Analyse / caption an image with a vision model
replicate_visionAnalyze an image with a vision-language model. Describe, caption, or ask questions about the image content.
Instructions
Run a vision-language model to describe, caption, or answer questions about an image.
Args:
image (string URL): URL of the image to analyse.
prompt (string, optional): Question or instruction (e.g. "describe this image", "count the people"). Default is a generic caption.
model (string, default "llava-13b"): Curated key (llava-13b, llava-v1.6-34b, blip-2, qwen-vl) or "owner/name".
max_tokens (1-4096, optional): Response length.

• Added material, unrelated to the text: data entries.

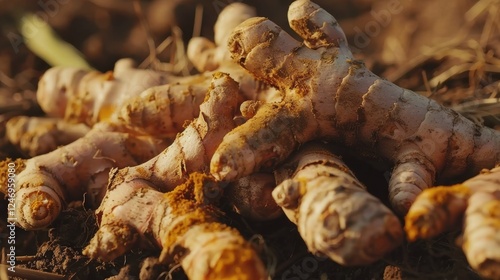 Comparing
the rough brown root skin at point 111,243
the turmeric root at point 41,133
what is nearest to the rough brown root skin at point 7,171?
the turmeric root at point 41,133

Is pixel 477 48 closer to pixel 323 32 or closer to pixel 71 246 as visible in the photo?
pixel 323 32

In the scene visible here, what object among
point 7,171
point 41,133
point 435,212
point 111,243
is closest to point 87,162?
point 7,171

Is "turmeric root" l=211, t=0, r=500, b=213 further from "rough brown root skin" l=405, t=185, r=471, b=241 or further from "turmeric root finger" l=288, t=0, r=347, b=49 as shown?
"rough brown root skin" l=405, t=185, r=471, b=241

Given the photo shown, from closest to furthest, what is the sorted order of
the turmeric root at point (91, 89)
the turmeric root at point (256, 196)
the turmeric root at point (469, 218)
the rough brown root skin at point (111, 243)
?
the turmeric root at point (469, 218)
the rough brown root skin at point (111, 243)
the turmeric root at point (256, 196)
the turmeric root at point (91, 89)

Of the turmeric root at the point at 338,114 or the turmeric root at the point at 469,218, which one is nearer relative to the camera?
the turmeric root at the point at 469,218

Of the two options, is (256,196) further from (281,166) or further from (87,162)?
(87,162)

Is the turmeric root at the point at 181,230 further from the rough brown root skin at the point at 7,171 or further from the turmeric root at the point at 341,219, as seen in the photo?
the rough brown root skin at the point at 7,171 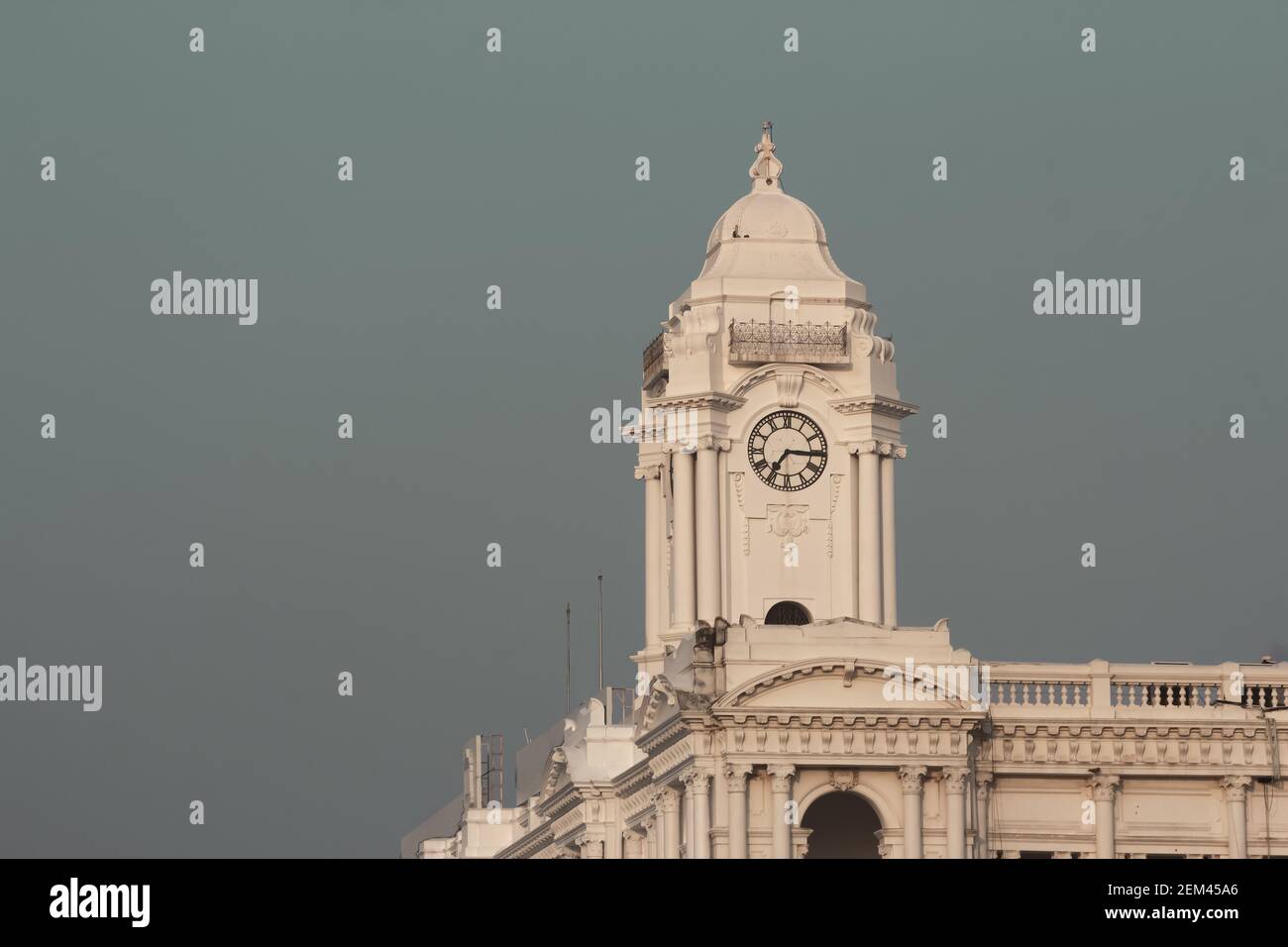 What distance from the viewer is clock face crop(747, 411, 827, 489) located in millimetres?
125562

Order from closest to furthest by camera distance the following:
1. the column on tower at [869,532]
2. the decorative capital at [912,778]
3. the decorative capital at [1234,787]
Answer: the decorative capital at [912,778] → the decorative capital at [1234,787] → the column on tower at [869,532]

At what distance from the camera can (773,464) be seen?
126 meters

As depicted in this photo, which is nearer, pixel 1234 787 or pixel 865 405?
pixel 1234 787

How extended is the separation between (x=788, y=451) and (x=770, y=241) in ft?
27.0

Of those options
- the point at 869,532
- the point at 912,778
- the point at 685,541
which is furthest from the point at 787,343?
the point at 912,778

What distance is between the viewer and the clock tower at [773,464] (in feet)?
409

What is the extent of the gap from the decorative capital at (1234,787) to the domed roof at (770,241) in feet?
90.4

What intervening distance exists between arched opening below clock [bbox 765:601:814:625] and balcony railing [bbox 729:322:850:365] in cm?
761

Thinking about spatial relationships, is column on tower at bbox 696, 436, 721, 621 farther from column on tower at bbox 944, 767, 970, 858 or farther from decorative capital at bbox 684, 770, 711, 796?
column on tower at bbox 944, 767, 970, 858

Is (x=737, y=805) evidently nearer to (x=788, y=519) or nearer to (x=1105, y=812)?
(x=1105, y=812)

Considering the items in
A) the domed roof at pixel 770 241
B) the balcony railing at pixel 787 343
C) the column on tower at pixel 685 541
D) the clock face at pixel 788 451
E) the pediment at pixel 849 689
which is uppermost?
the domed roof at pixel 770 241

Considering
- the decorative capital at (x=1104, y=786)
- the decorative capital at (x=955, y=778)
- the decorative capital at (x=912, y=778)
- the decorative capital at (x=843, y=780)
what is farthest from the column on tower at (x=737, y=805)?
the decorative capital at (x=1104, y=786)

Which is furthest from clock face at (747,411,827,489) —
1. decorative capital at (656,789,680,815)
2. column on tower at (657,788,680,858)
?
column on tower at (657,788,680,858)

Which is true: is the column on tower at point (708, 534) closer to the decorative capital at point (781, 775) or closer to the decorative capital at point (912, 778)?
the decorative capital at point (781, 775) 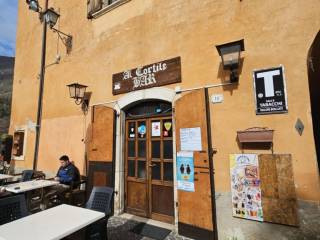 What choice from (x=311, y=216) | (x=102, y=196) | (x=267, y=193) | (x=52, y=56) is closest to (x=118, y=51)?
(x=52, y=56)

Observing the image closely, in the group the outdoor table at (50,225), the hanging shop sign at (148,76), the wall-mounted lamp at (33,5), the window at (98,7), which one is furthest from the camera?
the wall-mounted lamp at (33,5)

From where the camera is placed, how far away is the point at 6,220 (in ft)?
7.60

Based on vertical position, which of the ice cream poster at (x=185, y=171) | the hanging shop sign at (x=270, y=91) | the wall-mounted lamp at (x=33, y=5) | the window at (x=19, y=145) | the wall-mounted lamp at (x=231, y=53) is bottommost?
the ice cream poster at (x=185, y=171)

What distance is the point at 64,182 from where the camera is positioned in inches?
174

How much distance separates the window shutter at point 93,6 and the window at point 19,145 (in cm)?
419

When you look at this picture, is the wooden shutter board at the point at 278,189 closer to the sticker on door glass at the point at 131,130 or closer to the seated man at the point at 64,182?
the sticker on door glass at the point at 131,130

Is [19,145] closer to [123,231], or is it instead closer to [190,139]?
[123,231]

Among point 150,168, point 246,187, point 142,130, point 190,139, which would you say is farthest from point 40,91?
point 246,187

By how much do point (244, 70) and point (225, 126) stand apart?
86 centimetres

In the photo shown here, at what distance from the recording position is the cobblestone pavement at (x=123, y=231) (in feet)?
10.7

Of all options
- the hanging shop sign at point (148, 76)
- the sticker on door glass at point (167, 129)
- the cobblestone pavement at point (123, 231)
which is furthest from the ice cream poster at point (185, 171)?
the hanging shop sign at point (148, 76)

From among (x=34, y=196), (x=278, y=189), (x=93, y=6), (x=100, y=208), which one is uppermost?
(x=93, y=6)

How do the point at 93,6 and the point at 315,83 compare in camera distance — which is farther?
the point at 93,6

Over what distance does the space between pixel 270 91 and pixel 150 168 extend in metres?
2.41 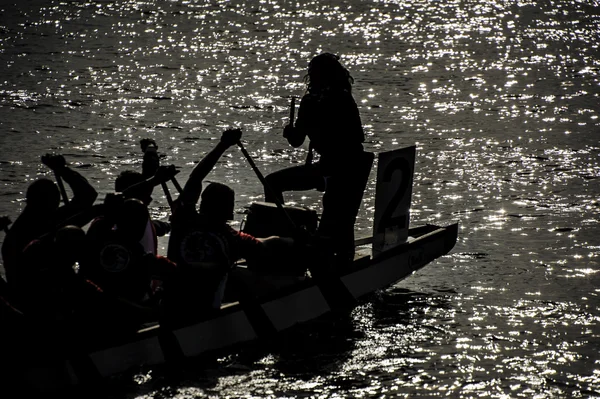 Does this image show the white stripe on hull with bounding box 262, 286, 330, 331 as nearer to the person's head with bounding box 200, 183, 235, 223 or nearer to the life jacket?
the person's head with bounding box 200, 183, 235, 223

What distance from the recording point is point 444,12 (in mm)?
40719

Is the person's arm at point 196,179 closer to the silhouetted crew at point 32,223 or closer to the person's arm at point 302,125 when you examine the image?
the silhouetted crew at point 32,223

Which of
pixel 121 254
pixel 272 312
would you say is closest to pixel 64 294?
pixel 121 254

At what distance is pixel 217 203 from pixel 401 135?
12.5 meters

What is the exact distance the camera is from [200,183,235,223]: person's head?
10906 mm

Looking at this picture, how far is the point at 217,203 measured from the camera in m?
10.9

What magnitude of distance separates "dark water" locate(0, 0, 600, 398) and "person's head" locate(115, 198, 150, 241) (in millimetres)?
1404

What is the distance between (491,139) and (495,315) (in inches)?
391

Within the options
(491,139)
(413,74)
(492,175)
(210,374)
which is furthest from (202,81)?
(210,374)

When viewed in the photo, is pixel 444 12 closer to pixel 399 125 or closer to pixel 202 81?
pixel 202 81

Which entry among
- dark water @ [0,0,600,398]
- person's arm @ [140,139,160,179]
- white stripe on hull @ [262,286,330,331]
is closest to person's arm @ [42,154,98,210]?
person's arm @ [140,139,160,179]

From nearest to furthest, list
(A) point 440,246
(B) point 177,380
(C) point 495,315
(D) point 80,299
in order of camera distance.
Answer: (D) point 80,299
(B) point 177,380
(C) point 495,315
(A) point 440,246

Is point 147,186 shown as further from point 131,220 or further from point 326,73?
point 326,73

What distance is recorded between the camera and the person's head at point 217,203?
10906 millimetres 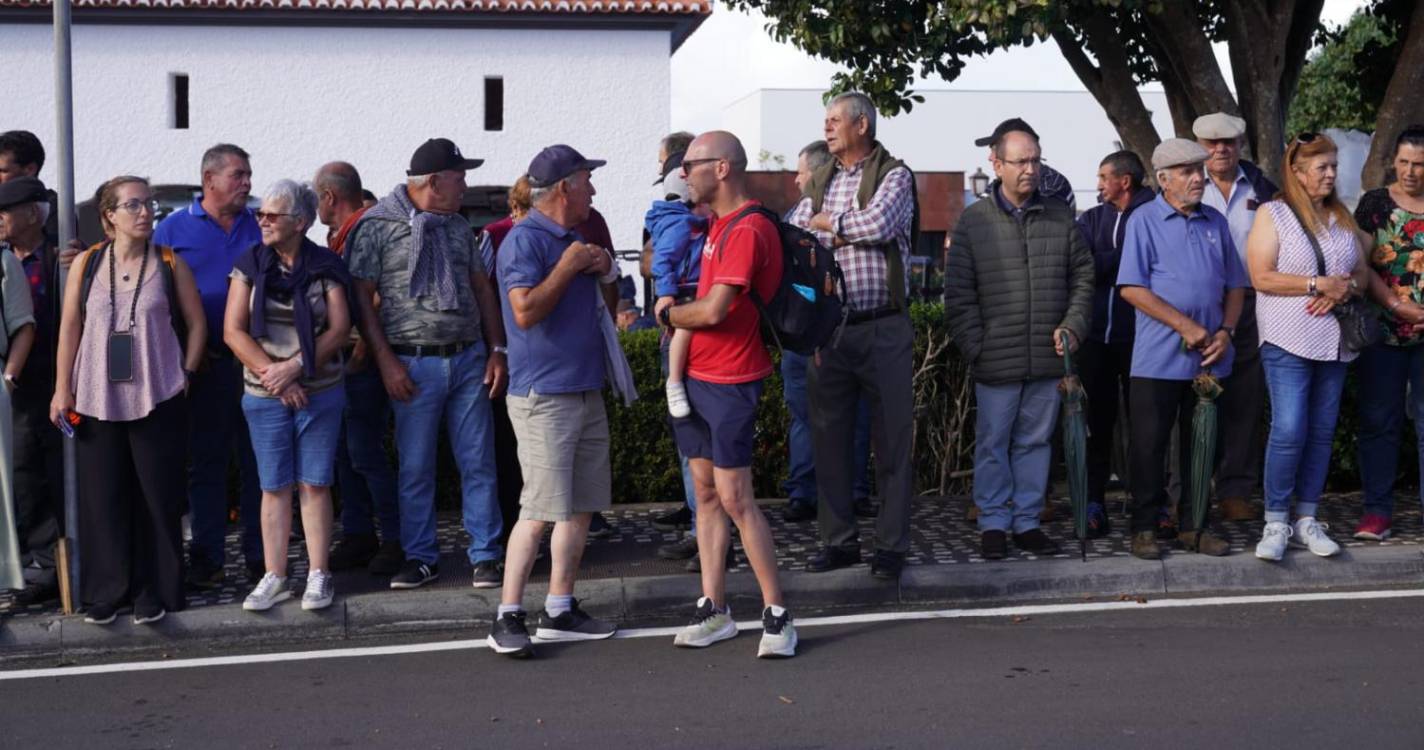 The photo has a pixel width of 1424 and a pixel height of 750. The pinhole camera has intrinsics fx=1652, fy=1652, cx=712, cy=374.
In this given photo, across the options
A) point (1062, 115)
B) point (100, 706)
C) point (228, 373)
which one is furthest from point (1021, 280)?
point (1062, 115)

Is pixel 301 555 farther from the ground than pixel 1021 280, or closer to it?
closer to it

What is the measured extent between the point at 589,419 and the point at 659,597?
995 millimetres

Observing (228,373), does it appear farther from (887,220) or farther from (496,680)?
(887,220)

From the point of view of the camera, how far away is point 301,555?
8398 mm

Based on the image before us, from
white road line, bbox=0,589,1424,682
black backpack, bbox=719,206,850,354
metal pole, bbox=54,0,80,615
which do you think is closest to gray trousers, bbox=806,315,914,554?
Result: white road line, bbox=0,589,1424,682

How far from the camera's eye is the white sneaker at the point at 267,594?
7098mm

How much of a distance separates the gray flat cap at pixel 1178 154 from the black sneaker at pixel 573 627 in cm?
338

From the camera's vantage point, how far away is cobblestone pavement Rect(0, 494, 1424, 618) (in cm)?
765

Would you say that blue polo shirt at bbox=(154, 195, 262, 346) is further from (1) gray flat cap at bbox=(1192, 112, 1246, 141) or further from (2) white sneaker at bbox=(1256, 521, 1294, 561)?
(2) white sneaker at bbox=(1256, 521, 1294, 561)

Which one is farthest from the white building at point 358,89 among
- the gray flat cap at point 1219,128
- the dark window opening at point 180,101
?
the gray flat cap at point 1219,128

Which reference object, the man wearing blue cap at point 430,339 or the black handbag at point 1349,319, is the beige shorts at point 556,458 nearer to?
the man wearing blue cap at point 430,339

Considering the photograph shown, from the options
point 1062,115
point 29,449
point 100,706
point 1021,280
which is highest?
point 1062,115

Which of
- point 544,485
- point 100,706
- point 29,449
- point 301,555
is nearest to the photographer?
point 100,706

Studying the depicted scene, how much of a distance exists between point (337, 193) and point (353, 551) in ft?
5.95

extra_input (object, optional): Model-specific extras.
Returns: PredictionResult with text_output containing the model's textual answer.
Examples:
image="https://example.com/photo.jpg", prompt="What objects are visible?"
image="", prompt="Read the values off this chart and list them.", model="llava-v1.6-34b"
Input Schema
| Name | Required | Description | Default |
|---|---|---|---|
| image | Yes | URL of the image to analyse / caption. | |
| model | No | Vision model. Curated: llava-13b, llava-v1.6-34b, blip-2, qwen-vl. Or "owner/name". | llava-13b |
| prompt | No | Optional question or instruction (e.g. 'describe this image', 'count the people'). Default is a generic caption. | |
| download | No | ||
| max_tokens | No | ||
| timeout_ms | No | Max ms to wait for the prediction. If exceeded, returns the prediction ID so you can poll via replicate_get_prediction. Default: 300000 (5min). | |
| extra_input | No |